◆ PROVIDED MATERIAL:
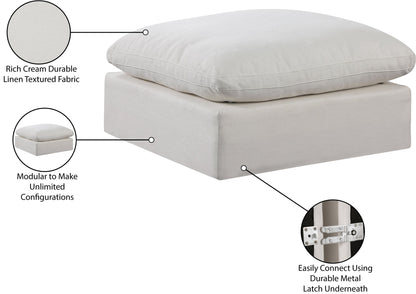 Comfy - Linen Ottoman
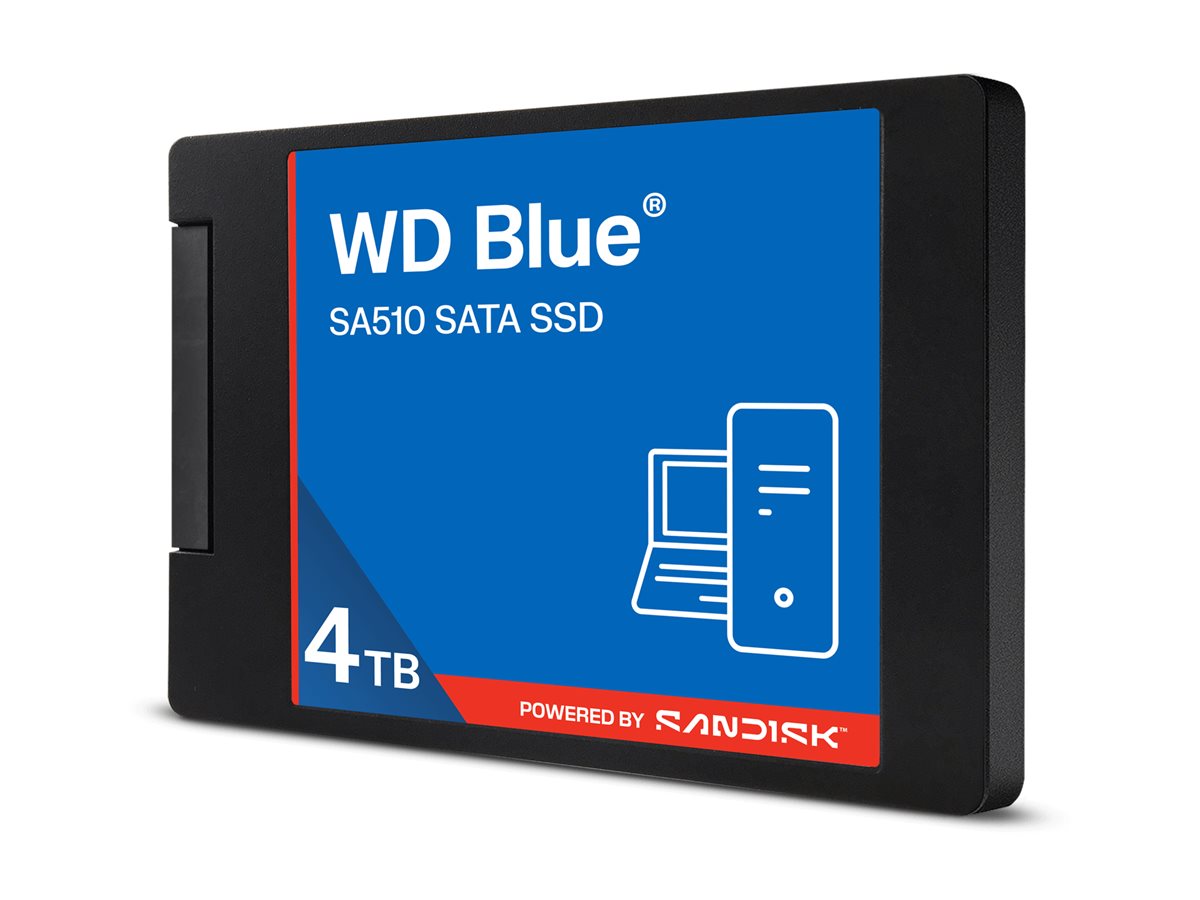 WD Blue SA510 SATA SSD 2.5p/7mm Cased - 4To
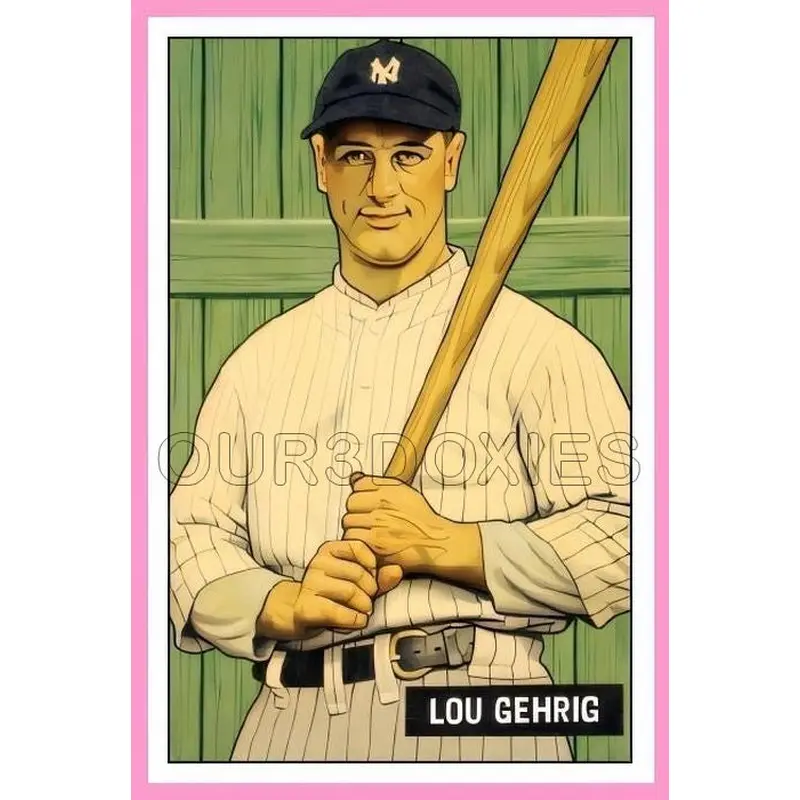 Lou Gehrig 1951 Bowman Custom Card - 4019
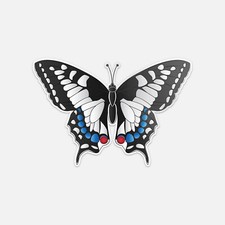 Beautiful White Butterfly Vinyl Sticker Decal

◆ THE TASK:
Your output should be only the lines from the line with "Lou Gehrig 1951 Bowman Custom Card - 4019" through the end of the data, exactly as they stand, and no pictures.

◆ TASK RESPONSE:
 Lou Gehrig 1951 Bowman Custom Card - 4019
 Beautiful White Butterfly Vinyl Sticker Decal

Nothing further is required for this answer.